• **What is being asked**
Leave out the pictures, and retype the remaining data exactly.

[Records from a data source]
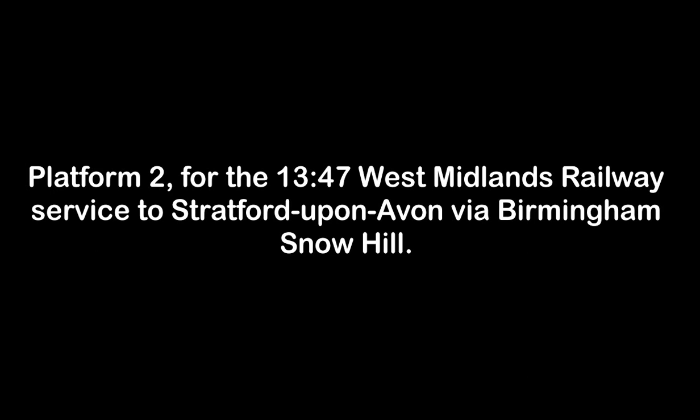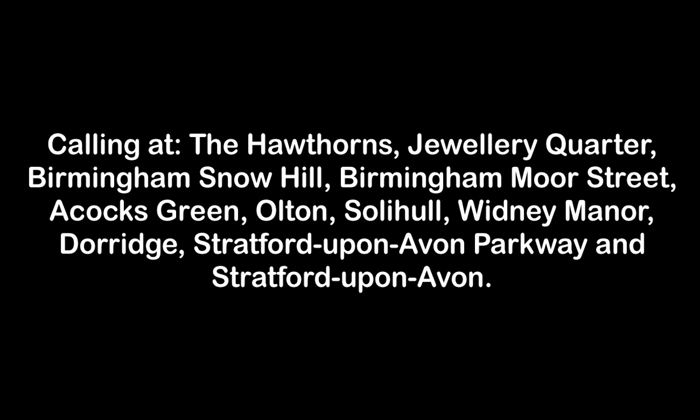Platform 2 for the 1347 West Midlands Railway service to Stratford-upon-Avon via Birmingham Snow Hill, calling at the Hawthorns, Jewellery Quarter, Birmingham Snow Hill, Birmingham Moor Street, Acocks Green, Olton, Solihull, Widney Manor, Dorridge, Stratford-upon-Avon Parkway and Stratford-upon-Avon. This train has three carriages.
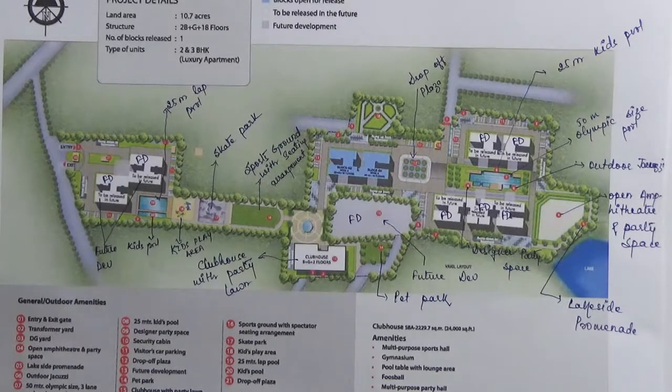In this project there is 1 clubhouse of 24,000 square feet. The clubhouse has 1 basement and G plus 2 floors. There are also 4 swimming pools in this project.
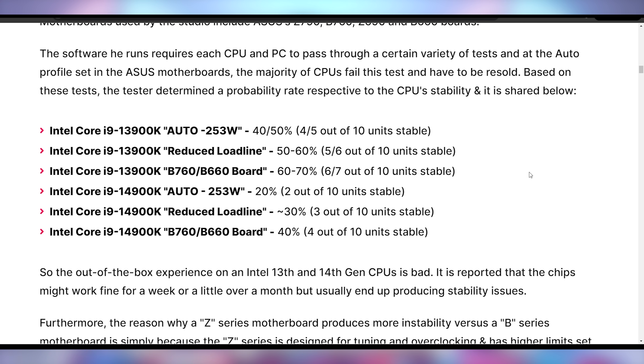The 13900K is slightly better — probably because it's not as highly clocked — starting at 40–50% stability, 50–60% on reduced load line, and 60–70% on a B-series motherboard. This is a rough situation: two out of every ten CPUs stable. This looks really bad for Intel and seems like a very strong condemnation of their chips.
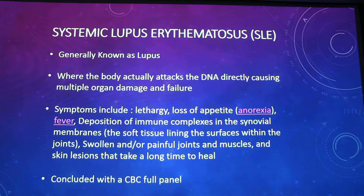The first autoimmune disease is generally known as lupus in people. For dogs, it's called systemic lupus erythematosus, or SLE. This is where the body actually attacks your DNA directly — so when your DNA is copying, it starts attacking that process, causing mutation after mutation because it's not allowing your DNA to fully replicate. Because of this, it directly causes your organs to start failing.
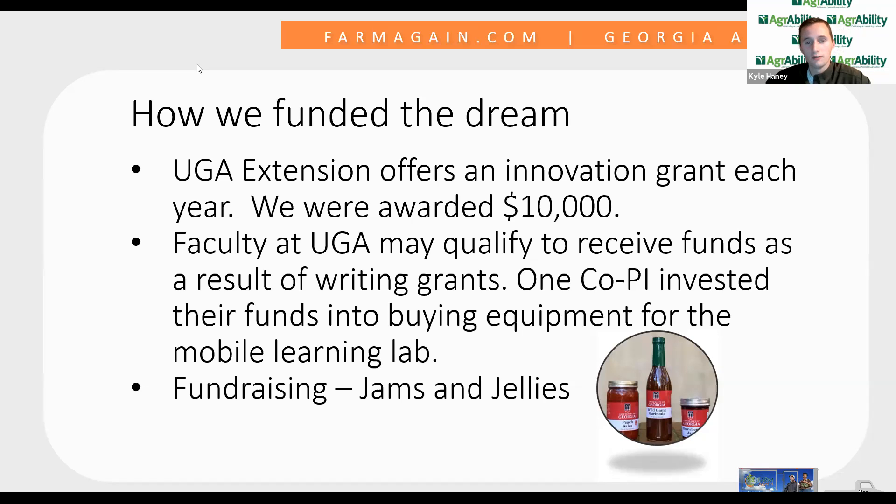We also did some fundraising with jams and jellies — a company here in Georgia makes these for us and we sell them to the public. We also take donations, so if anybody is ready to write a check today, we can add more to the mobile learning lab.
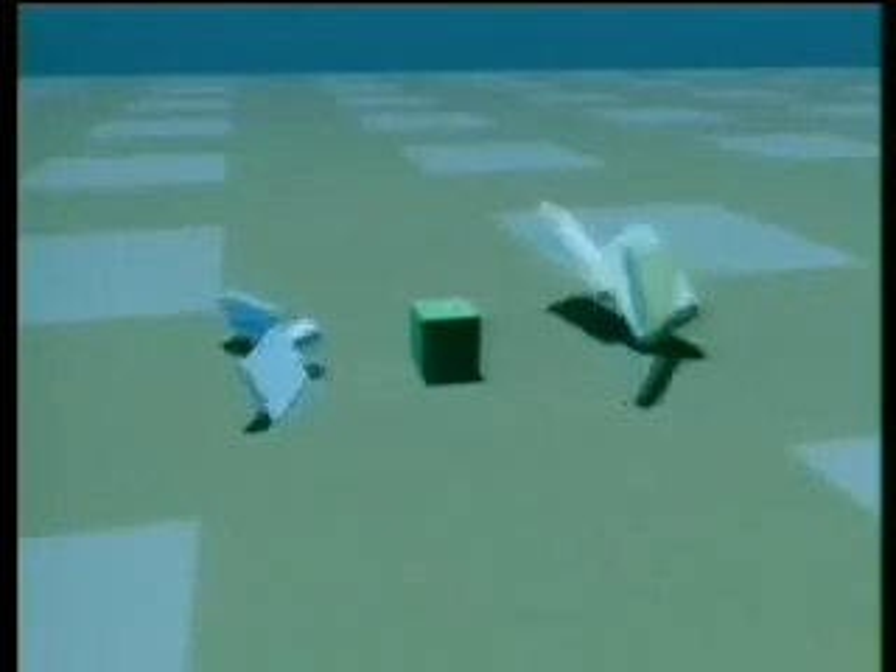This final group of creatures was evolved for their ability to compete for control of a green cube. The creature closest to the cube at the end of a simulation is the winner. A strategy first arose for simply tumbling towards the cube.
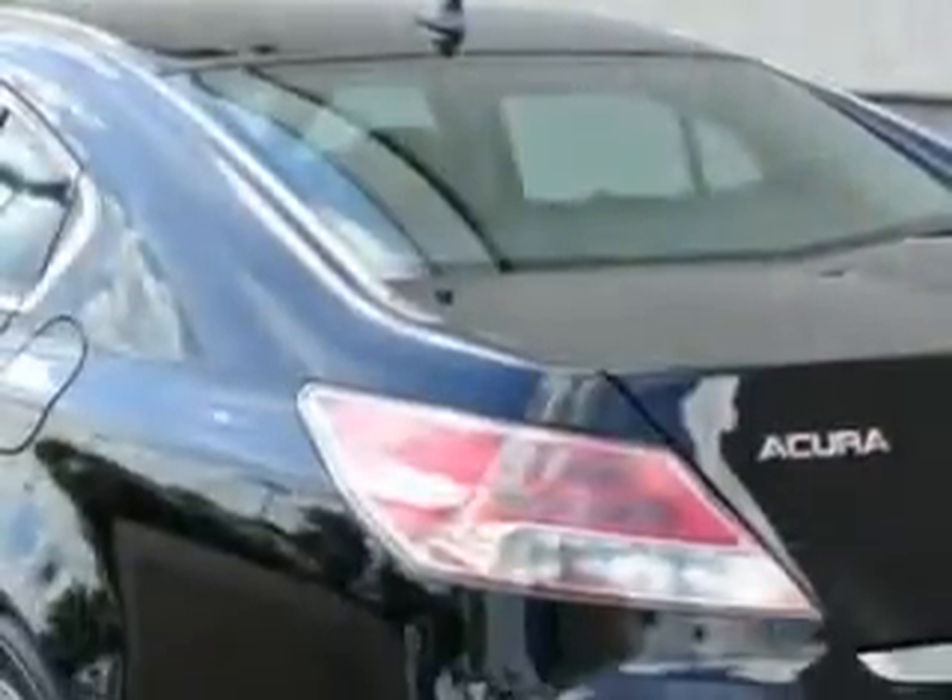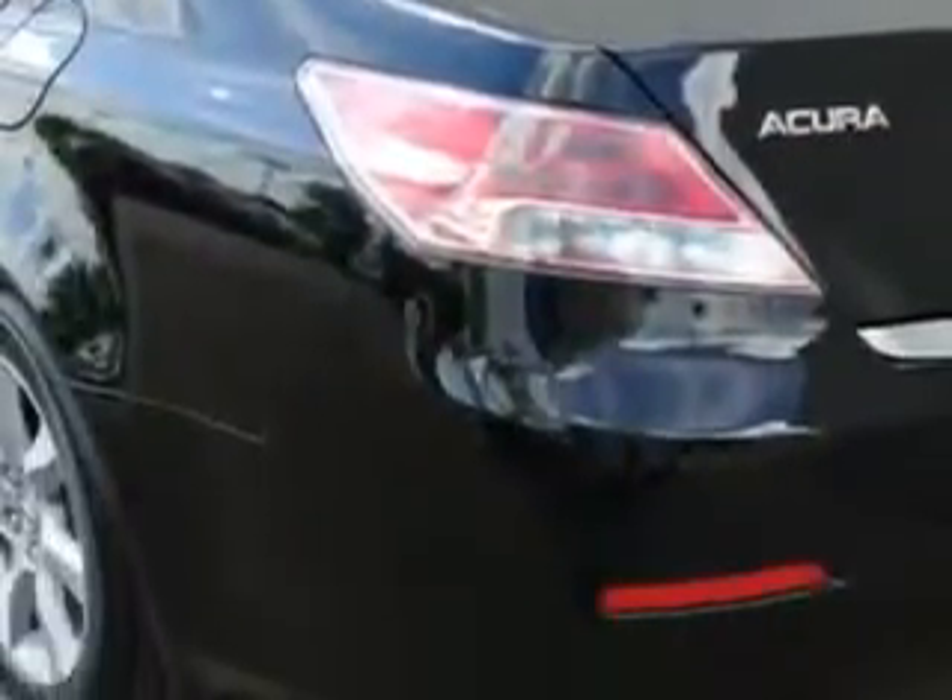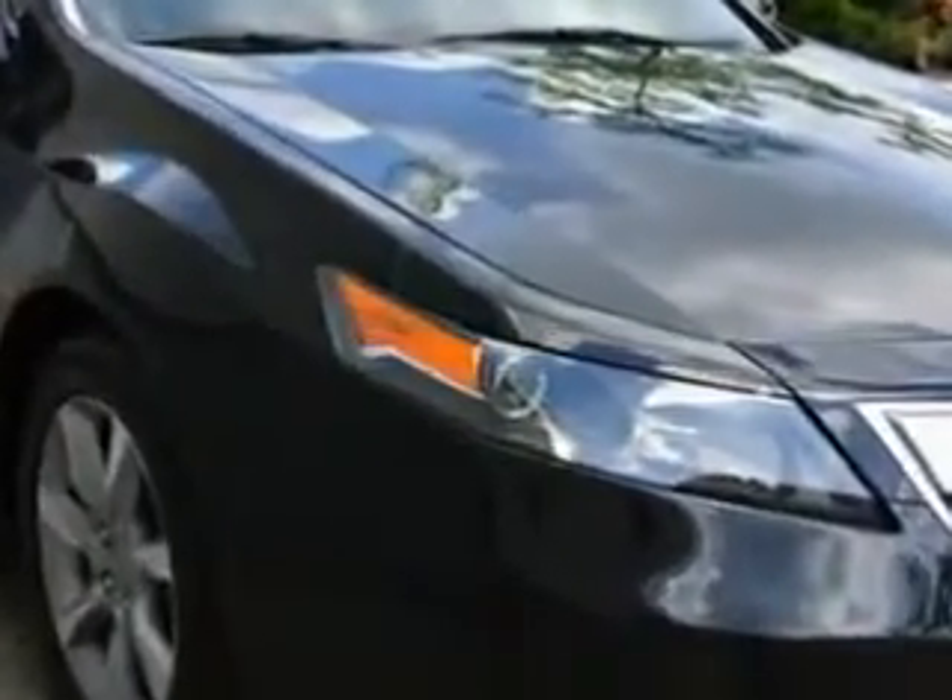Home link system, leather upholstery, moon roof, heated driver and passenger seating, heated outside mirrors, power driver and passenger seating, power moon roof, xenon headlights, turn signal mirrors, and multi-function display.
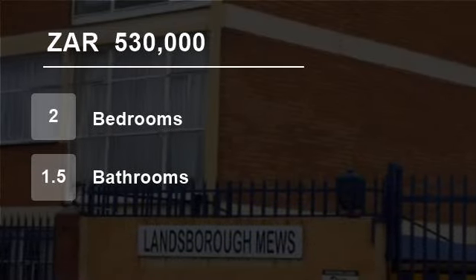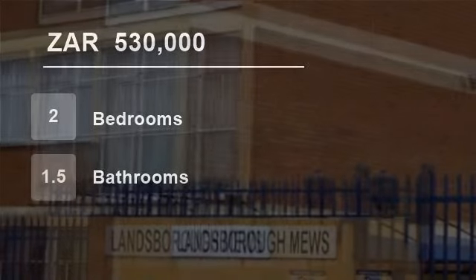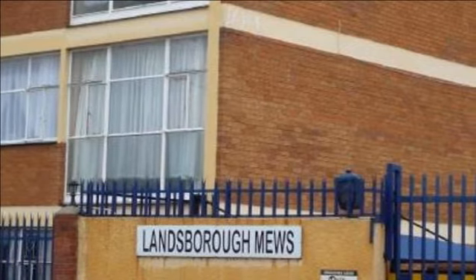Welcome to this two-bedroom flat for sale in Booysens, Johannesburg, South Africa for R530,000.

• **The completed task**
Platform 2 for the 1347 West Midlands Railway service to Stratford-upon-Avon via Birmingham Snow Hill, calling at the Hawthorns, Jewellery Quarter, Birmingham Snow Hill, Birmingham Moor Street, Acocks Green, Olton, Solihull, Widney Manor, Dorridge, Stratford-upon-Avon Parkway and Stratford-upon-Avon. This train has three carriages.
In this project there is 1 clubhouse of 24,000 square feet. The clubhouse has 1 basement and G plus 2 floors. There are also 4 swimming pools in this project.
The 13900K is slightly better — probably because it's not as highly clocked — starting at 40–50% stability, 50–60% on reduced load line, and 60–70% on a B-series motherboard. This is a rough situation: two out of every ten CPUs stable. This looks really bad for Intel and seems like a very strong condemnation of their chips.
The first autoimmune disease is generally known as lupus in people. For dogs, it's called systemic lupus erythematosus, or SLE. This is where the body actually attacks your DNA directly — so when your DNA is copying, it starts attacking that process, causing mutation after mutation because it's not allowing your DNA to fully replicate. Because of this, it directly causes your organs to start failing.
We also did some fundraising with jams and jellies — a company here in Georgia makes these for us and we sell them to the public. We also take donations, so if anybody is ready to write a check today, we can add more to the mobile learning lab.
This final group of creatures was evolved for their ability to compete for control of a green cube. The creature closest to the cube at the end of a simulation is the winner. A strategy first arose for simply tumbling towards the cube.
Home link system, leather upholstery, moon roof, heated driver and passenger seating, heated outside mirrors, power driver and passenger seating, power moon roof, xenon headlights, turn signal mirrors, and multi-function display.
Welcome to this two-bedroom flat for sale in Booysens, Johannesburg, South Africa for R530,000.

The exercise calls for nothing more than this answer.